Sun, Jul 05, 2009

Sports

Opinion by Greg Hansen : Sad day, sad ending for UA volleyball team

Opinion by Greg Hansen
Tucson, Arizona | Published: 12.02.2008
The Day from Hell began for UA volleyball coach Dave Rubio at 3:30 a.m. Sunday in Pullman, Wash.
He had a hangover, a mental hangover, like never before. A few hours earlier, the Wildcats had blown the final match of the regular season, losing in five sets to the worst team in the Pac-10.
Pullman was so empty on Thanksgiving weekend, so remote and dark and unpromising, that a mere 356 people showed up. The Cougars, who were 2-15 in the Pac-10, celebrated their 3-15 finish anyway.
"This is the first time I can say we won three Pac-10 games,'' WSU senior Brittany Johnson told the school's media relations department.
The loss was crippling for Rubio's young Wildcats, who finished the regular season 16-14 overall but an unseemly 6-12 in the Pac-10. How good is that?
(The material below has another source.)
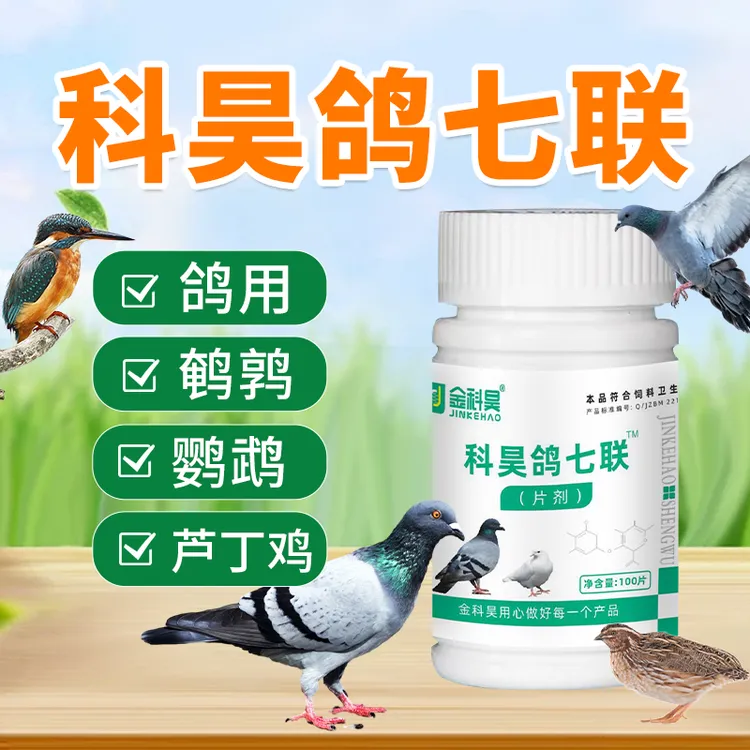 科昊鸽七联赛鸽肉鸽信鸽幼鸽鸽子鸽六联独抗片剂养鸽用饲料添加剂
It is seventh place.
Working on a one-year contract in the nation's most prominent volleyball conference, Rubio speculated — hoped, perhaps? — that a 16-14 record would merit an at-large berth in the NCAA tournament.
"The NCAA has taken seven Pac-10 teams before," he said in October. He repeated the 16-14-will-be-good-enough qualifier in November.
But losing to the woeful Cougars seemed to nullify, or put into jeopardy, any RPI cushion gained by rousing victories over top-10 foes Oregon, Cal and USC.
By 4 a.m. Sunday, the groggy Wildcats were on Highway 195 for a two-hour trip to the Spokane airport.
Rubio could have chosen to return to Spokane immediately after Saturday's match, but doing so would have necessitated paying full price to stay in a Pullman hotel before the match, and another series of room charges in Spokane that night.
So he chose the economy route. The flight to Tucson was worse. The plane went to Boise, then Reno, then Los Angeles. The Wildcats arrived home at 2:30 p.m.
The long journey enabled Rubio to study the bubble teams that would vie for the final few berths in the NCAA tournament. New Mexico State finished 25-8, but the Aggies played in a substandard conference and beat no one of note. The powerhouse West Coast Conference would surely get four berths — San Diego, Pepperdine, St. Mary's and San Francisco — but Santa Clara finished 17-9 and was swept in its final three matches.
No way the WCC gets five teams, right?
And then there were cold-weather bubble-sitters such as 19-12 Iowa State, Western Michigan and Cincinnati. WMU lost to Ohio in its conference tournament and was swept by Valpo on Saturday night. Cincinnati was eliminated by Pitt in the Big East tournament. Not to disparage Pitt, but the Panthers this season lost to Duquesne and Ohio (twice).
"The NCAA's message has, to us, always been 'play somebody good,'" Rubio said.
Entering the final week of the regular season, six of volleyball's top 10 teams were Pac-10 teams. That meant Arizona played 12 wickedly difficult matches. In addition, Rubio scheduled 22-6 Mountain West Conference power Colorado State, which had played in 13 straight NCAA tournaments. Tough enough, right?
When the Wildcats scattered Sunday afternoon, Rubio instructed them to return to McKale Center in four hours to watch ESPNU's 8 p.m., broadcast of the NCAA's field of 64 volleyball teams.
They sat in silence as they saw Santa Clara, Iowa State, Cincinnati, Western Michigan and New Mexico State's names on the big board. No Arizona.
"We were pretty bummed out,'' Rubio said. "I thought this team had a chance to get on a run and get to the Sweet 16.''
Arizona has gone three seasons without qualifying for the NCAA tournament. It is a dramatic twist from Rubio's 10-season run, 1996-2005, in which the Wildcats were included in every NCAA tournament.
Last winter, UA athletic director Jim Livengood offered little encouragement. He did not give Rubio a raise in salary and offered a flat, one-year contract.
Who knows what comes next?
The Wildcats are so young that Rubio didn't sign anybody in last month's recruiting period. It wouldn't be a surprise if they opened the 2009 season in the top half of the Top 25.
"I'm disappointed for Dave and our gals,'' Livengood said Monday. "The key thing, looking at the Pac-10 standings, is that USC and UCLA finished 9-9, and we were below them at 6-12. The NCAA selection committee is looking for some point it can draw a line."
The line was drawn at .500. Arizona would have had the worst record of all 33 at-large teams in the field.
"I think we would've been an interesting matchup,'' Livengood said. "When everybody's playing well, when we don't have any illness or injuries, we're a pretty good team.''
This year, pretty good didn't make it.
Rubio said he will probably resume recruiting this weekend.
"Don't have a lot else to do,'' he said.